David Cameron is a man with deep ties to Scotland; whether they are the sort of ties that will prove particularly useful to the Better Together campaign is another question.

Last week, James Hanning noted in The Independent that one of Cameron’s Scottish forebears made the family fortune, and another lived at Blairmore Castle, in Aberdeenshire. In Hanning’s biography of the Prime Minister, co-written with Francis Elliott, we learn that he has often holidayed on Jura, where his wife’s family, the Astors, own a 19,500-acre estate. When he’s there, Cameron swims in the sea every day before dinner. He has taken lessons in fly fishing, and stalked deer.

It is not totally clear that these are experiences that will speak immediately to the average voter in Edinburgh, and so it’s not surprising that Cameron left his holiday memories out of the paean to the Union that he delivered in Edinburgh last week. Still, in his dewy eyes and tremulous tones, you did feel that the passion with which he spoke came from a deeply felt sense of dismay at the idea of losing Scotland in Thursday’s referendum. Touching though some may have found it, it’s hard not to think that that dismay comes from a strangely blinkered kind of romanticism, a vision of Scotland that may explain why the Better Together campaign has found it so hard to shake off claims of imperialism.

Those claims seem to me to be mistaken: in the end, the argument for “No” is a Scottish one. But it isn’t difficult to see where they come from. As part of his argument for the Union, Cameron explained that he didn’t “want my children to grow up in a world where if they choose Edinburgh University they’re going to be in a capital of a foreign country”. I guess this is a nice idea for the junior Camerons, but it did make me wonder whether the tide of posh young Brits who wash into Waverley station every September are the most universally appealing image of the consequences of a No vote. If the likes of Bristol and Newcastle or Cambridge were asked to conduct independence referenda on the basis of the hordes of privately educated incomers who turn up each autumn, the British Isles might swiftly devolve into a patchwork of city states with especially stern immigration rules.

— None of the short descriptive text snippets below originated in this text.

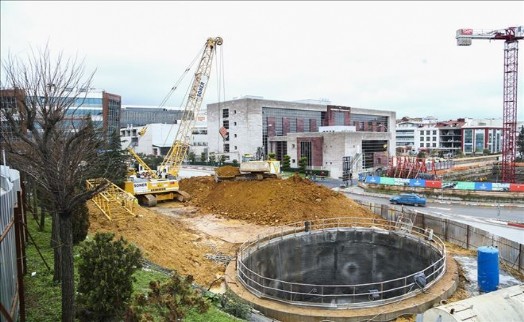 Sultanbeyli´de Metro Çalışmaları Sürüyor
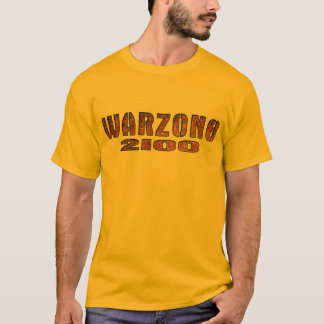 Warzone logotyp - öppen källlek tee shirt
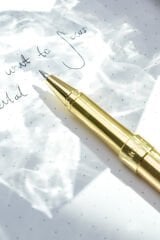 Matt Notebook Premium Roller Kalem Gold RP25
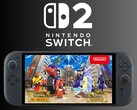 Pokémon Scarlet e Violet no Switch 2 mockup (Fonte da imagem: Nintendo of America com edições)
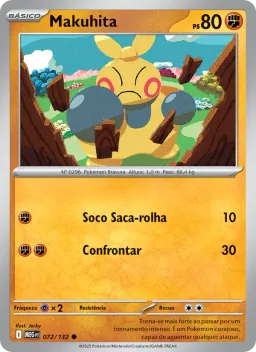 Makuhita 072 Megaevolução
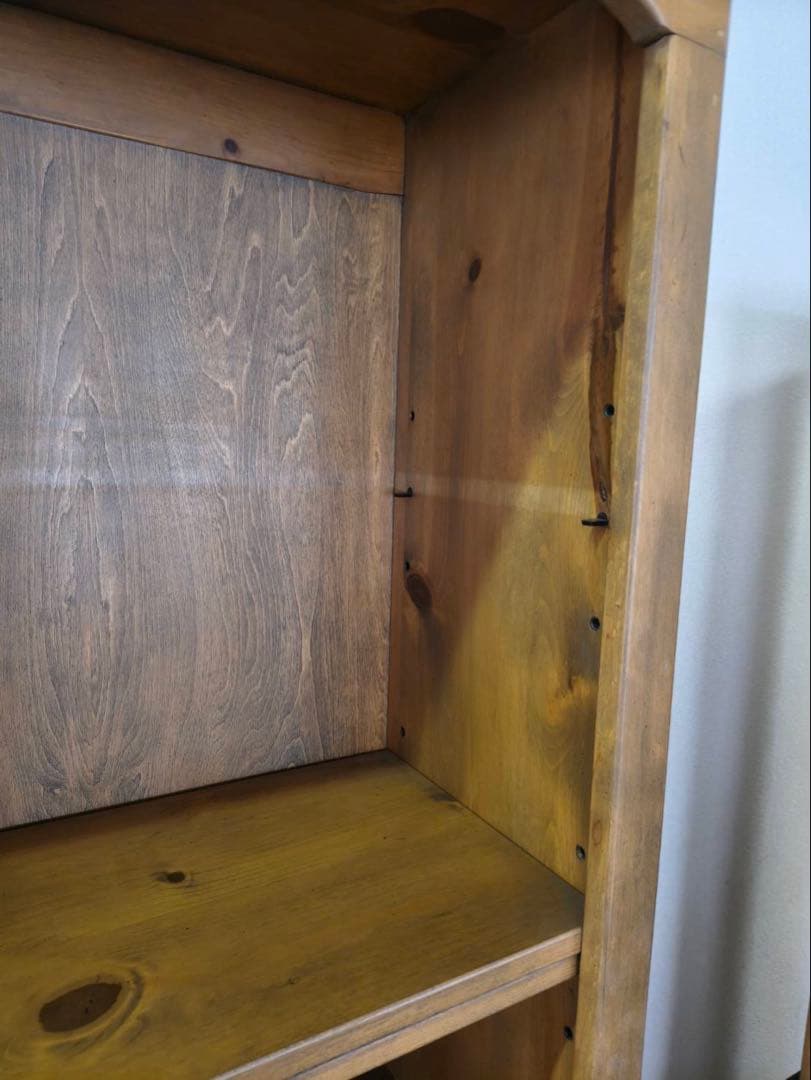 【値下げ】新品　アンファン　コーハウス　本棚　カントリー　家具　希少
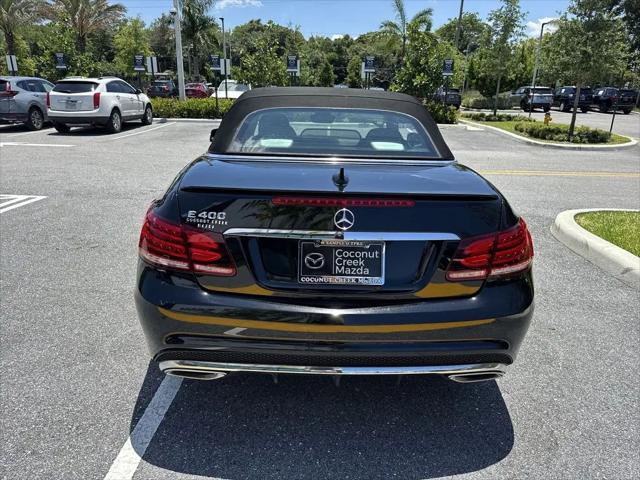 2016 Mercedes-Benz 400 E 400
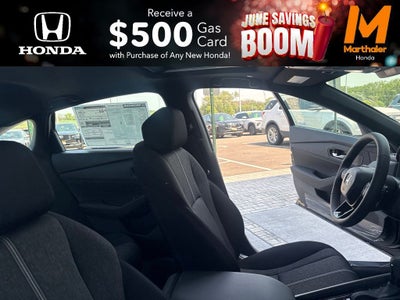2026 Honda Accord Hybrid Sport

If Cameron doesn’t see this problem, you wonder exactly who he thinks he’s talking to. But there’s an imagined version of Scotland which carries a lot of weight within the English establishment, and its touchstones are mostly alienating for everyone else. Did Tony Blair’s Fettes education endear him to the people of Aberdeen? Are the Duke and Duchess of Cambridge better loved in Inverness for the four years they spent in St Andrews? It is hard to imagine it.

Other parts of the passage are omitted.